Embora o que me pareça odioso não seja tanto o apelo à "bufaria" mas, mais uma vez, o querer culpabilizar-se os cidadãos pela quebra de qualidade do serviço, escondendo-se que ela resulta na sua quase totalidade de decisões conscientes da empresa e do Governo.

R.B. NorTør disse...

Isto eram os guardanapos que o Oliveira e Costa usava quando a SLN se reunia para jantar na Quinta da Coelha. Tal como os Mirós tiveram de ser despachados do armazém.

José M. Sousa disse...

Que raio de comparação! Há gente sem um mínimo de decência!

Jose disse...

«na useira e vezeira lógica de colocar cidadãos contra cidadãos»

Mas há algo mais evidente do que isso na tão louvada 'luta de classes'?

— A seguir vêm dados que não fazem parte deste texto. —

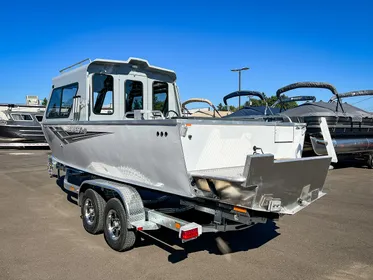 2023 Hewescraft 240 Ocean Pro HT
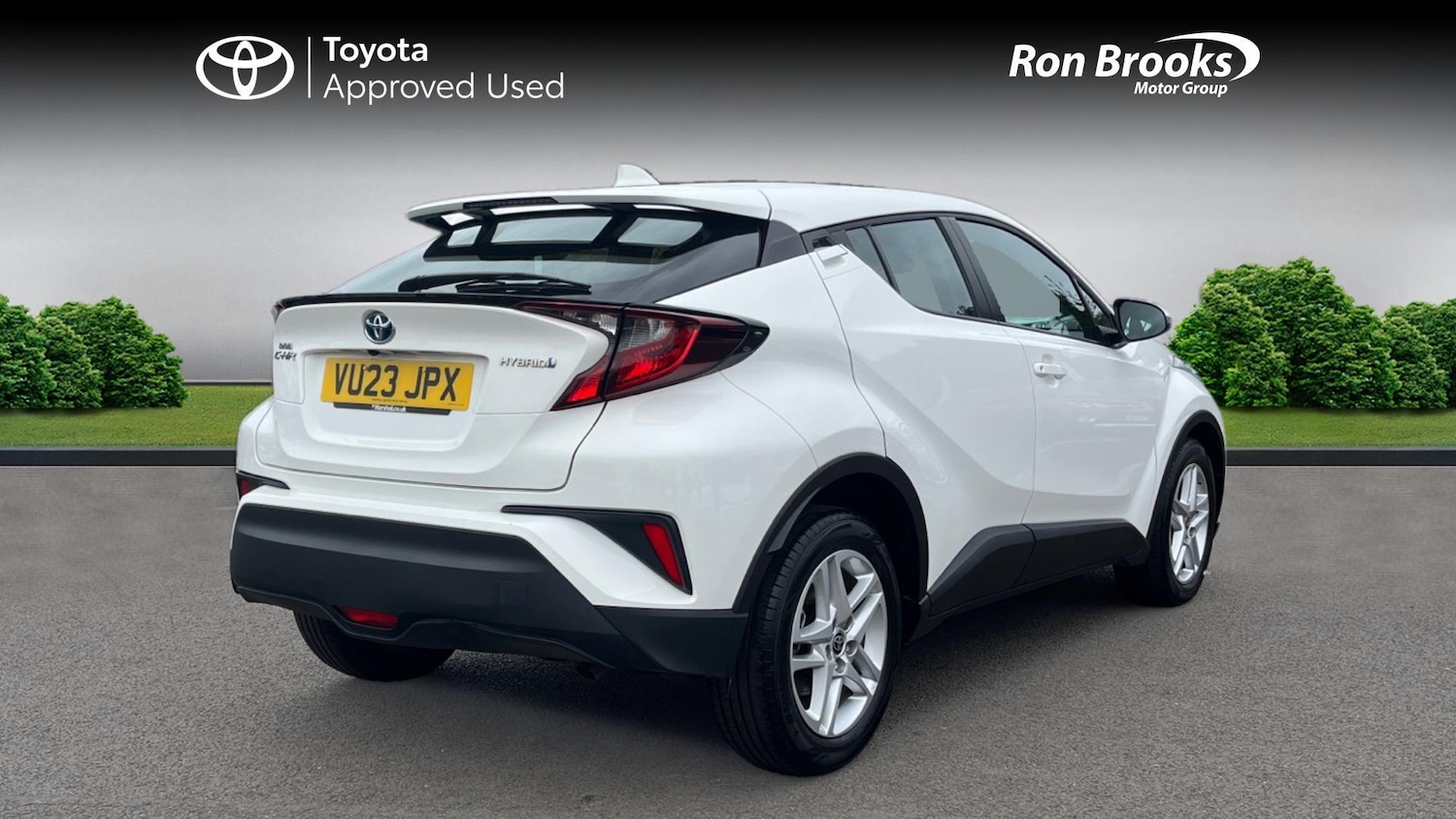 Used Toyota C-HR 2023 for sale - 75647115: Photo 2
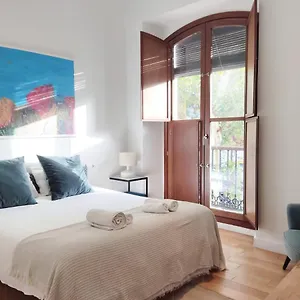 Homeyseville-luxury Arenal 6 Pax, Parking Optional Siviglia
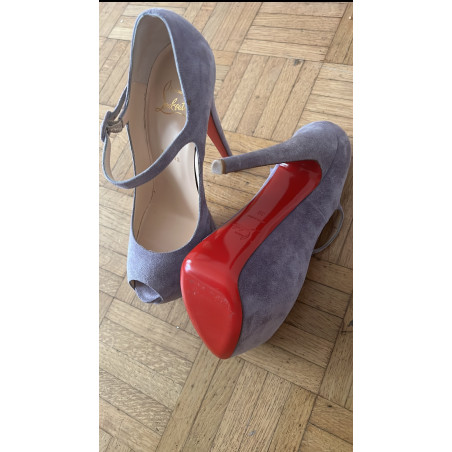 CHRISTIAN LOUBOUTIN Platform Peeptoes - Pre-loved Designer Second Hand | LUXURYLOVE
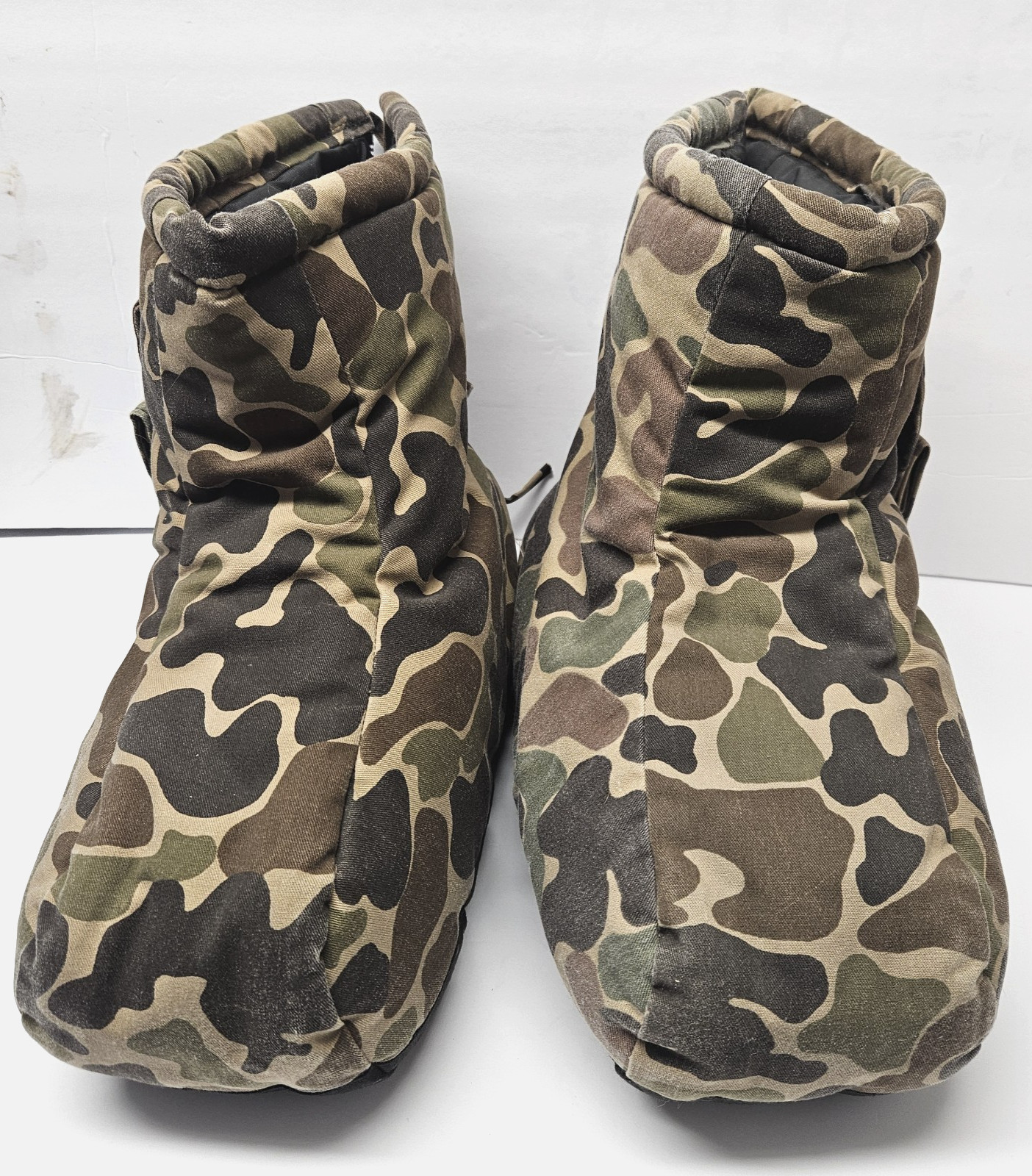 Vintage Insulated Overboots Boot Blanket Covers Army Woodland Camo M 8-10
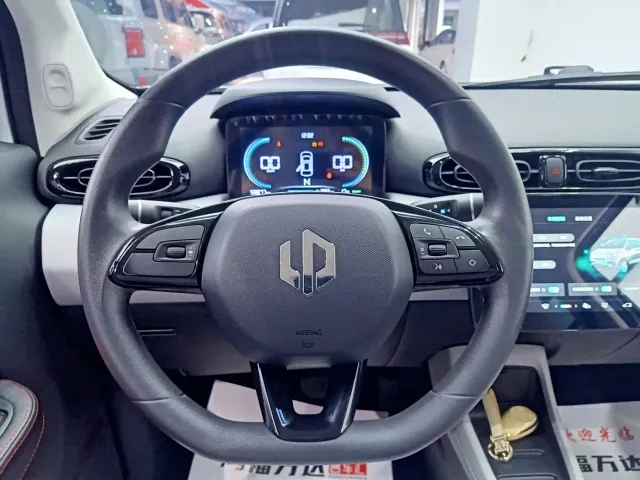 Leapmotor T03 — Фото автомобиля 17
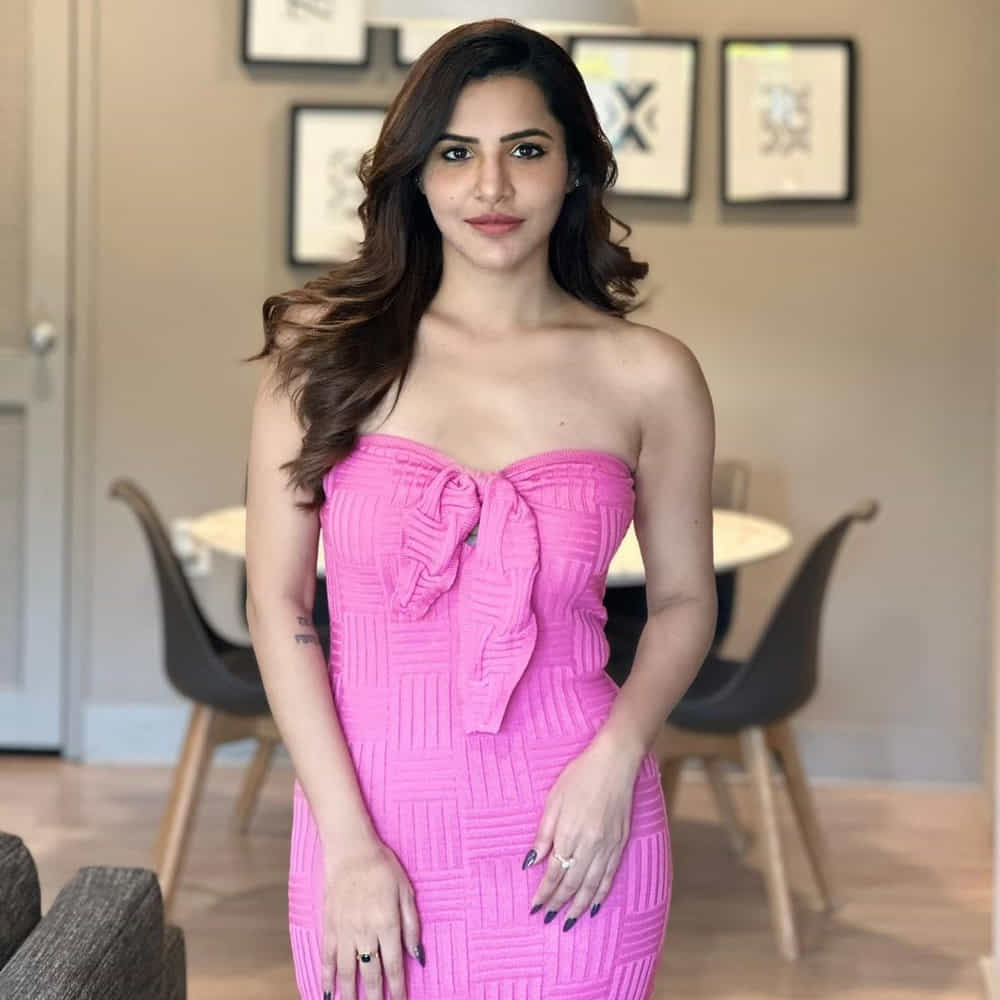 అషూ రెడ్డి.. తెలుగు సినిమా ప్రేక్షకులకు పరిచయం అవసరం లేని పేరు. మొదట డబ్‌స్మాష్ వీడియోలతో జూనియర్ సమంతగా క్రేజ్‌ తెచ్చుకున్న ఈ బ్యూటీ. బిగ్‌బాస్‌ సీజన్ 3లో కంటెస్టెంట్‌గా పాల్గొని టాలీవుడ్‌ ప్రేక్షకులకు మరింత చేరువైంది. దీని తర్వాత టీవీ షోలు, సినిమాలతో బిజీగా మారిపోయింది. ఇటీవల విడుదలైన ఫోకస్ సినిమాలో పోలీస్‌గానూ నటించి మెప్పించింది. సామజిక మాధ్యమాల్లో చురుకుగా ఉంటున్న అషు రెడ్డి.. నిత్యం ఓ కొత్త ఫోటోషూట్ పోస్ట్ చేస్తూ వస్తోంది.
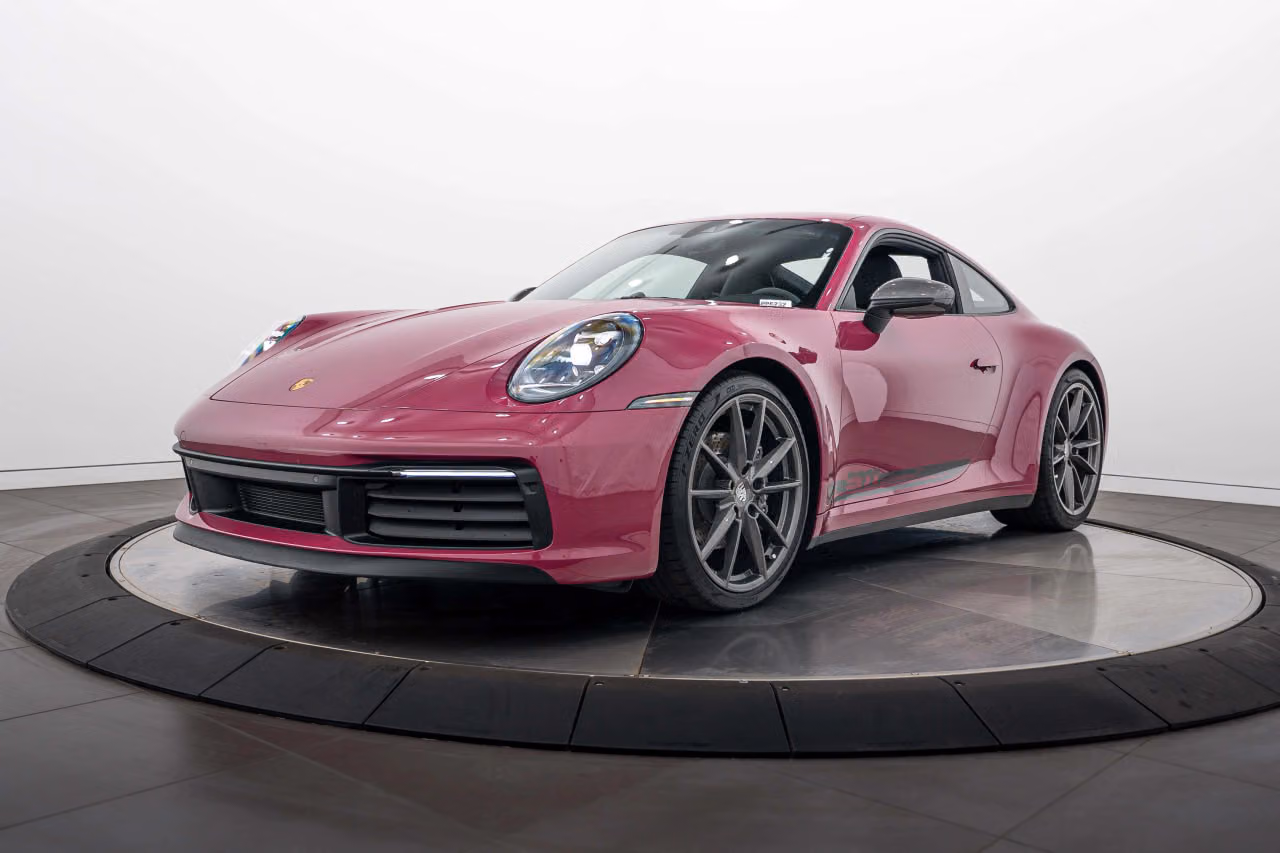 
           
        2024 Porsche 911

E já agora a classe dos chicos-espertos é de estimar ou de lutar contar ela, ó marxistas!

Anónimo disse...

Simplesmente miserável a campanha do Metro e da Carris.!
Os autores destas ideias estupidas e pidescas são bem o retrato do país em que nos estamos a tornar por força da extrema-direita fascista corporizada nos dirigentes máximos da aliança PSD/CDS.
É imperioso e urgente correr com esta gentalha que tornou o ar irrespirável.!

Jaime Santos disse...

Concordo com o Luís Lavoura. Embora o crime de violência doméstica seja incomparável com a fraude nos transportes públicos, por outro lado, se condenamos a grande fraude (bancária, fuga fiscal, etc), também devemos condenar a pequena, sendo que o meios de combate à primeira deveriam ser proporcionalmente maiores, e será que é esse o caso? Agora, a pergunta que se deve fazer é outra: para que serve este tipo de campanhas, senão para gastar dinheiro? No sistema do Metro de Lisboa, um conjunto de câmaras, junto às portas, fará muito melhor a função de fiscalização que os utentes individuais, a não ser que estejam em preparação 'brigadas fiscais cidadãs', o que seria uma tontice, a fiscalização, como o policiamento, é para ser deixada a profissionais, Portanto, a conclusão é a do Nuno Serra: além do dinheiro gasto, o que se procura é encontrar uns quantos 'bodes respiratórios' para justificar a quebra de qualidade nos serviços...

M. disse...

A solução são transportes públicos gratuitos, assim já não há fraude. Eu votaria num partido que fizesse uma proposta clara nesse sentido, a juntar a uma defesa clara e intransigente dos sistemas universal de saúde e educação, indo buscar o dinheiro aonde ele está. E para os idiotas que começam logo a guinchar que isto é o inicio de uma ditadura ou outra banalidade do género olhem para o que aquela tartaruga da Teodora Cardoso ou lá o que é anda a propor e depois falamos de ditadura.

Anónimo disse...

Temos que abrir os olhos mas é para vermos quem são os Jacintos Capelo Rego !

Anónimo disse...


Quem vem aqui defender esta campanha da Carris e do Metro, devia era lembrar-se do que estas empresas custaram em SWAPS.